#### [What the task requires]
For the entries below, print exactly the lines between the line holding "Exquisite 4 bed" and the line holding "Cash – Cavapoo puppy for sale in Galena, MO", inclusive, and nothing else.

#### [Supplied records]

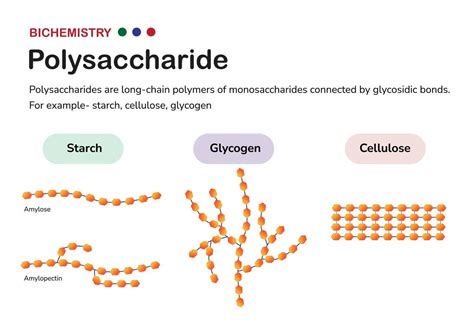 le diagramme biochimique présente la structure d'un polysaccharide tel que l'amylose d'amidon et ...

==

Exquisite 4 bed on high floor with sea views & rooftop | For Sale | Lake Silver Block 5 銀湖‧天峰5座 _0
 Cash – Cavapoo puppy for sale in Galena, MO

#### [Exercise response]
Exquisite 4 bed on high floor with sea views & rooftop | For Sale | Lake Silver Block 5 銀湖‧天峰5座 _0
 Cash – Cavapoo puppy for sale in Galena, MO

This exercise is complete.